O Código de Defesa do Consumidor, como se vê, considera fornecedor quem exerce, profissionalmente – ou seja, de forma continuada e onerosa –, a atividade de prestador de serviços, e como tal enquadra o profissional liberal, espécie de trabalhador autônomo definido, em doutrina, como aquele que exerce com independência, sem qualquer vinculação hierárquica, atividade predominantemente intelectual ou técnica e, de regra, regulada por lei.
Agora, a se entender que os profissionais liberais são sujeitos de relação de trabalho e, portanto, se encontram abrangidos pela competência estabelecida no inciso I do art. 114 da Constituição Federal, dessa competência não se pode ressalvar discussão envolvendo a qualidade do trabalho prestado, justamente porque, consoante visto linhas atrás, à definição da competência é, em princípio, irrelevante a natureza da pretensão.

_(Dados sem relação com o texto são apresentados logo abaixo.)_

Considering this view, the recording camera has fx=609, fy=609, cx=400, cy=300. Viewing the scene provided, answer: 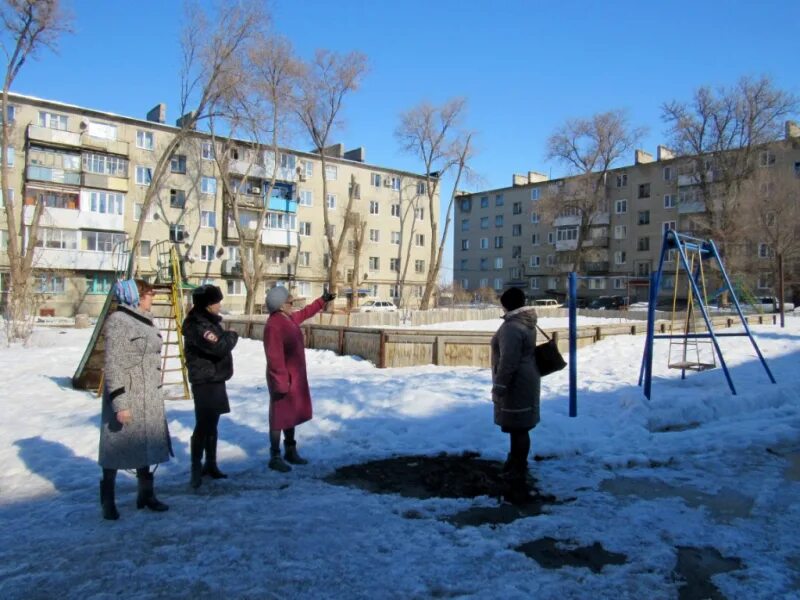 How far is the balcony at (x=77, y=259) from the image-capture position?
38188 millimetres

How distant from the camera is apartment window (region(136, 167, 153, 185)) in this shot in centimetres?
4278

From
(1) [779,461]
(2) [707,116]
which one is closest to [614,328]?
(1) [779,461]

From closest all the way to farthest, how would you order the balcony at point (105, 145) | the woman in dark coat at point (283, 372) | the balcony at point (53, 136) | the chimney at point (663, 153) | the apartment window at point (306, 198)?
the woman in dark coat at point (283, 372) → the balcony at point (53, 136) → the balcony at point (105, 145) → the apartment window at point (306, 198) → the chimney at point (663, 153)

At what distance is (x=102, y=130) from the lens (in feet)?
135

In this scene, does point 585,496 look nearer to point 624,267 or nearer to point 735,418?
point 735,418

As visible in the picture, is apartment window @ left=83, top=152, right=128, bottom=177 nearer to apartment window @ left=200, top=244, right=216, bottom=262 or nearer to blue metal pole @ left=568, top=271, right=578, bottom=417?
apartment window @ left=200, top=244, right=216, bottom=262

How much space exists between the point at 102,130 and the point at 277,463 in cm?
4222

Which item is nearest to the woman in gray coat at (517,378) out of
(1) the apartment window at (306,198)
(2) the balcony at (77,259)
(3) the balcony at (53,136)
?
(2) the balcony at (77,259)

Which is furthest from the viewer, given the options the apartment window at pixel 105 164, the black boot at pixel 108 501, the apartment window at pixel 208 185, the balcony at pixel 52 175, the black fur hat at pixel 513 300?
the apartment window at pixel 208 185

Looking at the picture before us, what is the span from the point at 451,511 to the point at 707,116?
46.8m

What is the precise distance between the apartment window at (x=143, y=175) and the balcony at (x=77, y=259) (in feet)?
19.3

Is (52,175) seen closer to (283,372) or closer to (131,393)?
(283,372)

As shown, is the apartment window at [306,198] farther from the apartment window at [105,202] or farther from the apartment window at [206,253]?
the apartment window at [105,202]

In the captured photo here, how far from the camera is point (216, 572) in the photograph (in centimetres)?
355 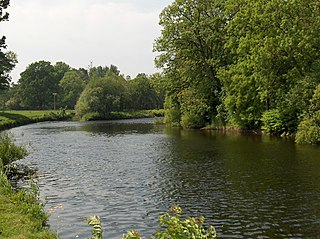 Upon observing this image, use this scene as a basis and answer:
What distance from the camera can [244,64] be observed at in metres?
48.6

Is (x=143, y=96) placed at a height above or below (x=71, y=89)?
below

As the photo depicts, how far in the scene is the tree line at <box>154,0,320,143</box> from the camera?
137 ft

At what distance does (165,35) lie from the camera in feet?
193

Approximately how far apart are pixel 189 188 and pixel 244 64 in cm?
3071

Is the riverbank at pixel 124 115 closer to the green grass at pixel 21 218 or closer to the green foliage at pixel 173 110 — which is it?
the green foliage at pixel 173 110

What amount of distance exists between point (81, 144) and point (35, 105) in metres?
103

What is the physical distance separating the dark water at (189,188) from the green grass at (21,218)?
87 centimetres

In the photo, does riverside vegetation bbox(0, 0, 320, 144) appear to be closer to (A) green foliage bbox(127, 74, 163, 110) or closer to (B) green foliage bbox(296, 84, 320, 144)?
(B) green foliage bbox(296, 84, 320, 144)

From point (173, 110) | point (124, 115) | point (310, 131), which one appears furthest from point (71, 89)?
point (310, 131)

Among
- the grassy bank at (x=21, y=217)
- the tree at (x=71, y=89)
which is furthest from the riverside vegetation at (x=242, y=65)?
the tree at (x=71, y=89)

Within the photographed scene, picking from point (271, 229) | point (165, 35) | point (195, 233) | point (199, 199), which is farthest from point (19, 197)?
point (165, 35)

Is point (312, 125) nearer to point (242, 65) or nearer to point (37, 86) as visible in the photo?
point (242, 65)

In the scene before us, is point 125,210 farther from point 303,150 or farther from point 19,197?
point 303,150

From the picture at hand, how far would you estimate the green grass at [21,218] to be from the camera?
1233cm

A despeito dos argumentos técnicos até aqui invocados, não se pode negar que a definição do efetivo alcance da nova norma também passa por argumentos de ordem política. E aqui, cumpre indagar se a ampliação da competência material afeta à Justiça do Trabalho se justifica em razão de sua reconhecida especialização – caso em que a interpretação necessariamente se fará de maneira restritiva, porquanto nem todas as espécies de relação de trabalho e os respectivos meios de solução de conflitos delas advindos pautam-se por princípios compatíveis com aqueles que orientam a atuação da Justiça do Trabalho – ou se com a finalidade de acabar com a sua especialização e torná-la uma espécie de “justiça comum” – caso em que a interpretação certamente se fará de maneira ampla.